YOUR TASK
Retype the records below exactly as they stand, omitting the pictures.

PROVIDED RECORDS START

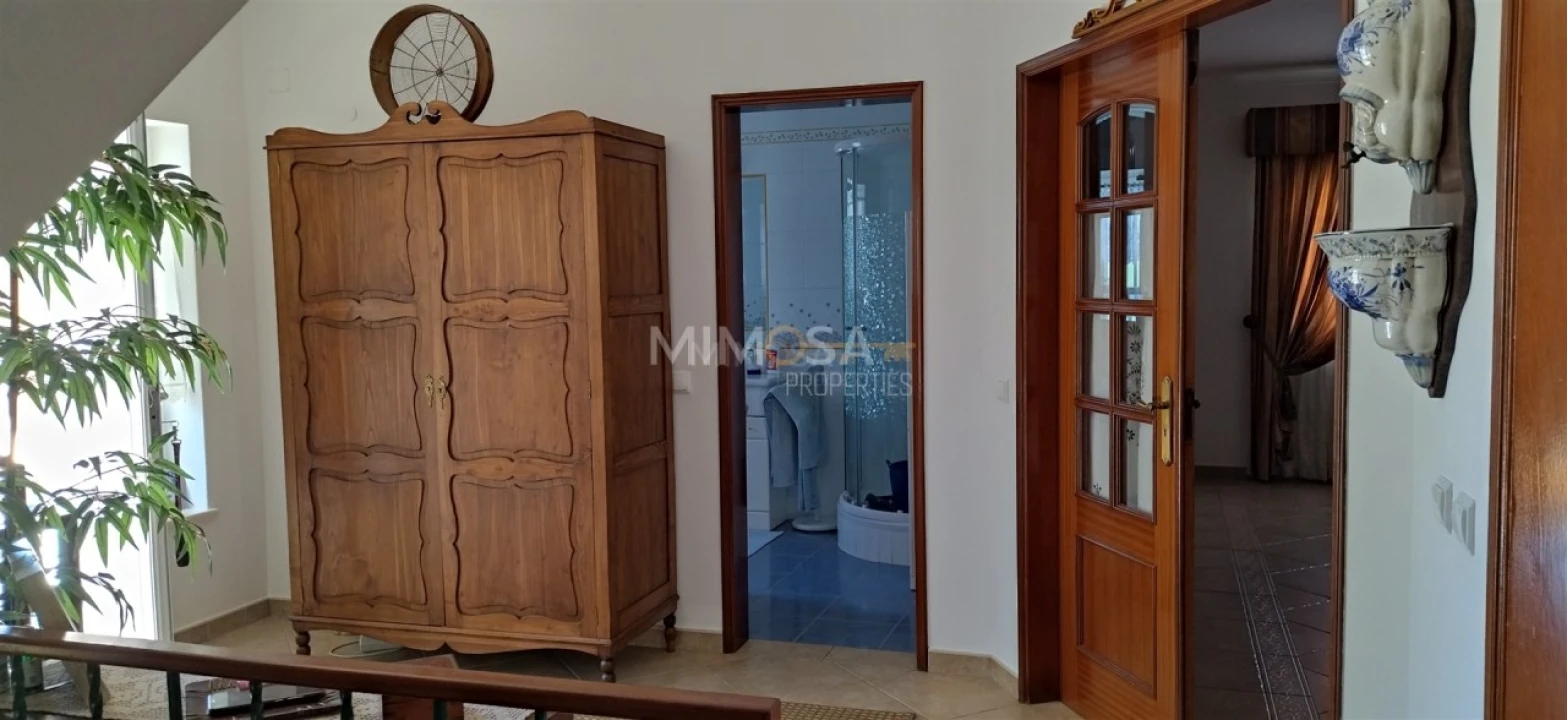 Moradia T5 para Venda em Lagos (São Sebastião e Santa Maria) Foto 16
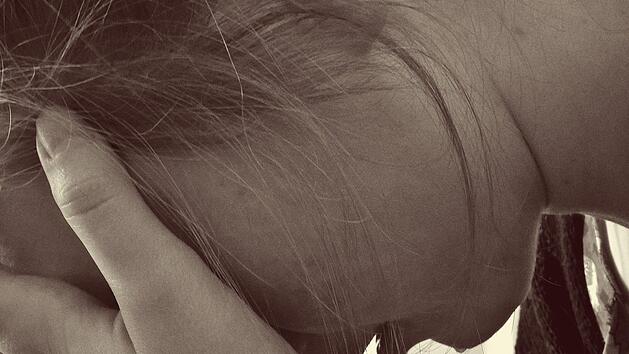 Im Fall der versuchten Vergewaltigung in Kronach sagte nun eine weitere Exfreundin des Angeklagten aus. Symbolbild: pixabay/Counselling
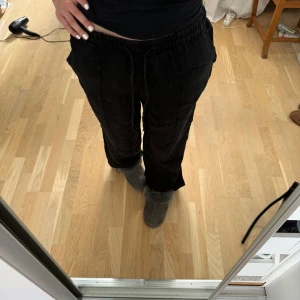 Svarta linnebyxor  - Aldrig använda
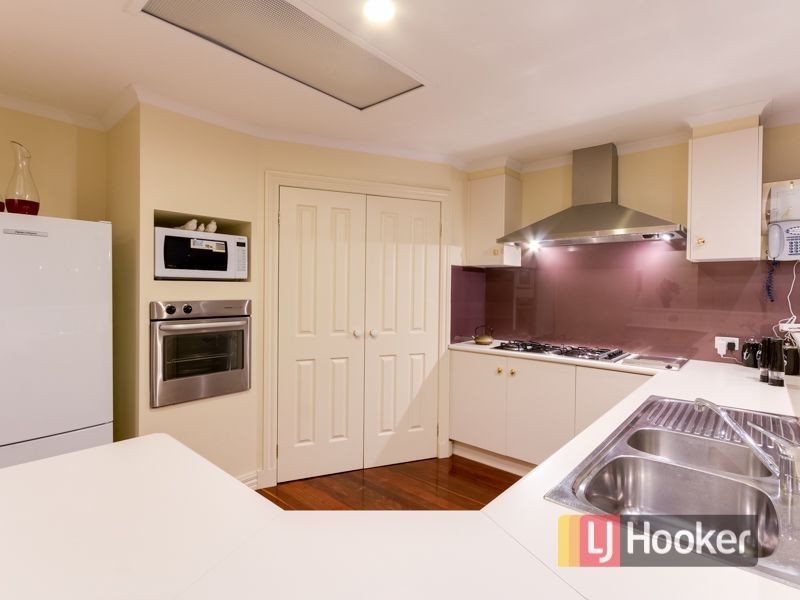 90 Justin Circuit, Hampton Park VIC 3976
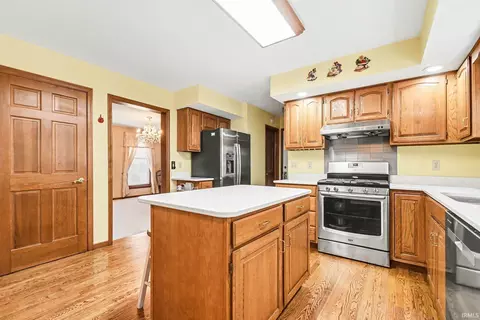 Kitchen - 53155 Prestwick Ct, Granger, IN 46530 photo 2 of 4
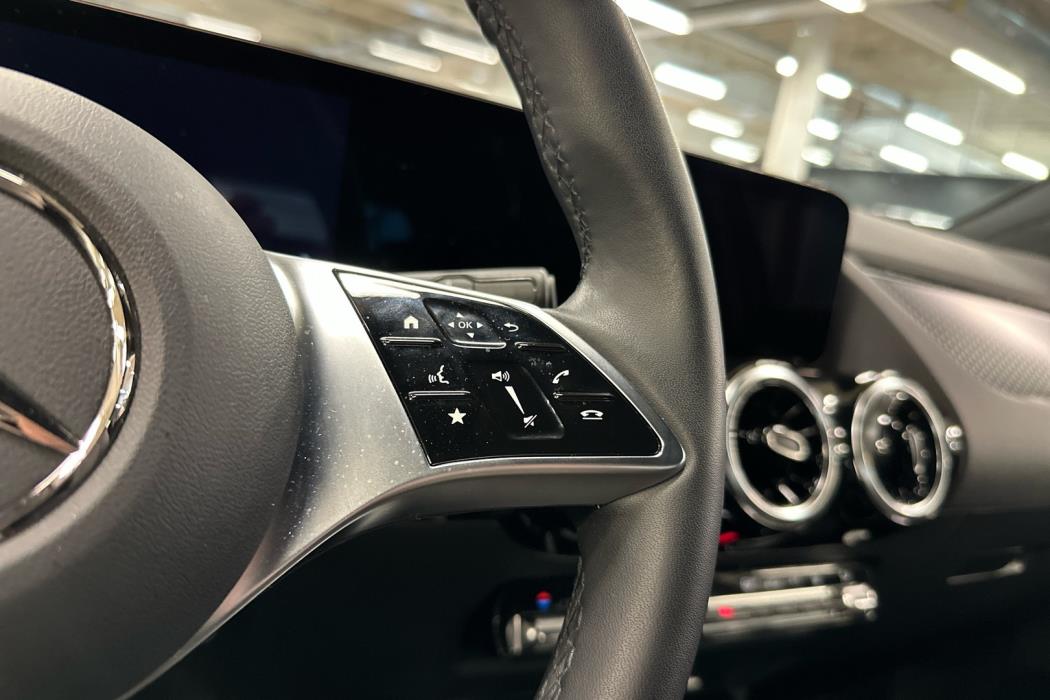 MERCEDES-BENZ GLA 2025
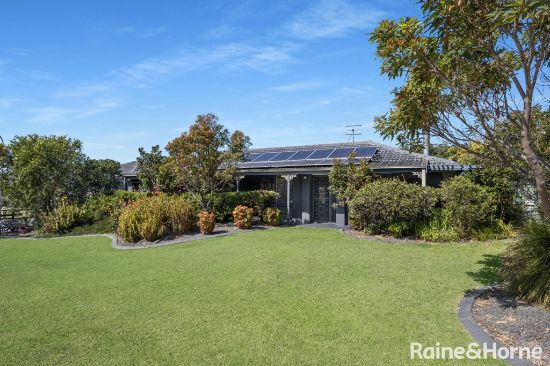 1 Wasdale Place, Bomaderry, NSW 2541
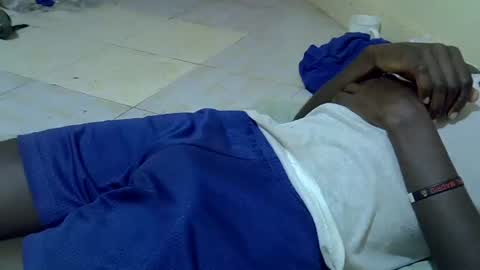 Snapshot of alwayshorny2567 chatting on 10/17/25, 08:39 alwayshorny2567 online show from 10/17/25, 08:39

PROVIDED RECORDS END

OUTPUT OF THE TASK
 Moradia T5 para Venda em Lagos (São Sebastião e Santa Maria) Foto 16
 Im Fall der versuchten Vergewaltigung in Kronach sagte nun eine weitere Exfreundin des Angeklagten aus. Symbolbild: pixabay/Counselling
 Svarta linnebyxor  - Aldrig använda
 90 Justin Circuit, Hampton Park VIC 3976
 Kitchen - 53155 Prestwick Ct, Granger, IN 46530 photo 2 of 4
 MERCEDES-BENZ GLA 2025
 1 Wasdale Place, Bomaderry, NSW 2541
 Snapshot of alwayshorny2567 chatting on 10/17/25, 08:39 alwayshorny2567 online show from 10/17/25, 08:39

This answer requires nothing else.